■ **YOUR ASSIGNMENT**:
Print, from the listing below, the lines starting at the line containing "Feuerwehr Gelsenkirchen: FW-GE: Undichte" and ending at the line containing "Faux alligator skin", exactly as they stand, and print nothing else.

*** RAW DATA Section Begins ***

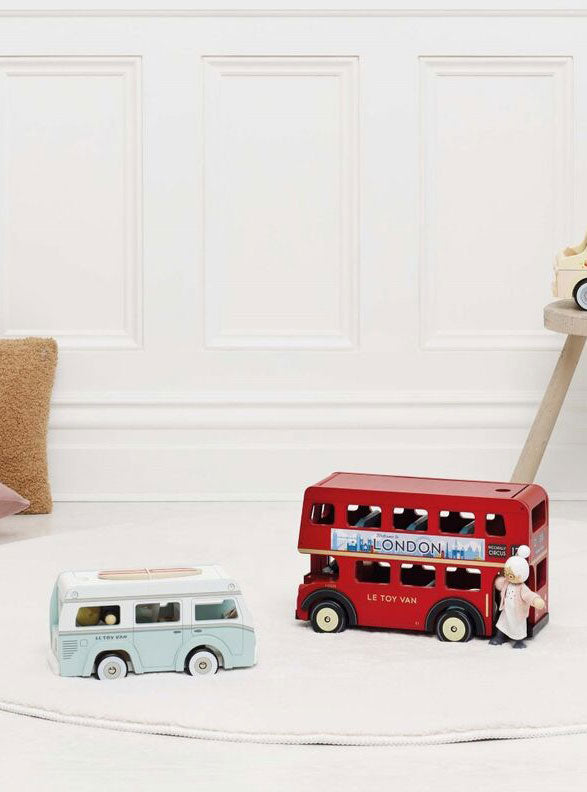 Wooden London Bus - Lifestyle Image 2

*** RAW DATA Section Ends ***
*** RAW DATA Section Begins ***

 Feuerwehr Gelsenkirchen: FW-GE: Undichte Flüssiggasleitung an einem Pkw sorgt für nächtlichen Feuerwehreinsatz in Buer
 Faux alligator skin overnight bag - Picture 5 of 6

*** RAW DATA Section Ends ***

■ **OUTPUT OF THE TASK**:
 Feuerwehr Gelsenkirchen: FW-GE: Undichte Flüssiggasleitung an einem Pkw sorgt für nächtlichen Feuerwehreinsatz in Buer
 Faux alligator skin overnight bag - Picture 5 of 6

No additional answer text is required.